As a 3w2 I absolutely try to portray the image of femininity and I embrace it. I don't associate with the new feminist movement, not because I don't believe in equality, but because I'm aware of the negative impact it would have on my credibility, unfortunate--but real. (There are other reasons but they are unrelated to the topic at hand.)

And what you said about "playing" soft and demure without actually being soft and demure speaks so true to who I am. Internally I'm quite ambitious, competitive, (in a friendly way) analytical and a defender of reason. externally unless I am around only my closest confidants I am soft spoken and conflict avoid-ant. Although that is a facet of my MBTI type as well.

My wardrobe is very "feminine", everything is form fitting and flattering.

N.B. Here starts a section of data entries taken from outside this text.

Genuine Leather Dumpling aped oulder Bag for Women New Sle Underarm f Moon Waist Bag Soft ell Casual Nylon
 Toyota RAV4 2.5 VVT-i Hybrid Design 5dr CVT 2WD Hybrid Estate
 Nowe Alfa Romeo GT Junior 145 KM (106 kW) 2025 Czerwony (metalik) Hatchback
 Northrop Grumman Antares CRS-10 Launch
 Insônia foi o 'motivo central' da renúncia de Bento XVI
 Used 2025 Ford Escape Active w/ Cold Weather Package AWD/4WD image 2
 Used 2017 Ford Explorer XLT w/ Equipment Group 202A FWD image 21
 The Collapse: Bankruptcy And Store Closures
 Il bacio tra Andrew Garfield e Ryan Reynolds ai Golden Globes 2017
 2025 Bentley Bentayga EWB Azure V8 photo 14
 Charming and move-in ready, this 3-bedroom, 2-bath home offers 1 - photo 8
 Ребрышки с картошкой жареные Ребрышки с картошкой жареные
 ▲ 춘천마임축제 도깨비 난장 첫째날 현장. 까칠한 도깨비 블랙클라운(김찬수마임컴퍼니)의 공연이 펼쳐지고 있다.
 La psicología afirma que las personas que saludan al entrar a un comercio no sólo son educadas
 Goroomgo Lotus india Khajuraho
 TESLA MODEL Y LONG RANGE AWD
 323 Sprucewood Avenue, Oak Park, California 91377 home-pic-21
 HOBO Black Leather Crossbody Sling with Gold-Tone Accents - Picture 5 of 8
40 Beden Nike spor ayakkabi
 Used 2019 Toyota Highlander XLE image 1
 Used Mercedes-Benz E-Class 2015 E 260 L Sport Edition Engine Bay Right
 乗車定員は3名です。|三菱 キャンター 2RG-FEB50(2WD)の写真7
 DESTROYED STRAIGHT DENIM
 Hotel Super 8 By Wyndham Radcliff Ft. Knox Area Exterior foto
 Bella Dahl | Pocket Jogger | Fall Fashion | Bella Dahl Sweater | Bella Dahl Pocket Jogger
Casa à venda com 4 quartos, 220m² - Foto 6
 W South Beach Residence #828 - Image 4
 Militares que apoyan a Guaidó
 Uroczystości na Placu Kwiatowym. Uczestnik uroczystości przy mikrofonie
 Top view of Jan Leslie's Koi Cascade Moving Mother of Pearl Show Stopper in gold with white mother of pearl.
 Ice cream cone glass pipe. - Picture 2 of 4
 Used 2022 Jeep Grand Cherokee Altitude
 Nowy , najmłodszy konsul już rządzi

Most of my clothing is neutral or classic/soft colored (blush tones, olive tones, navy). Since I am a 2 wing I try to make sure to adhere to societal norms. Although I much prefer the style of dress in big cities (a bit more risqué... Sort of how I picture a 3w4 woman to dress) I live in a small town in the Midwest so I dress in a way that doesn't offend people. While still upholding that feminine, classy but still sexy image. 


(Not saying I hold it well or that anyone would actually think I do but that's what I go for.) :laughing:


----------



## typethisperson (Feb 4, 2017)

^ isn't even a 3w2 *rolls eyes*


----------



## navi__x3 (May 20, 2017)

typethisperson said:


> ^ isn't even a 3w2 *rolls eyes*


LOL I'm debating between the two currently. *rolls cinnamon*

(I wrote that when I confirmed 3w2 for myself like shfifty fie days ago)


----------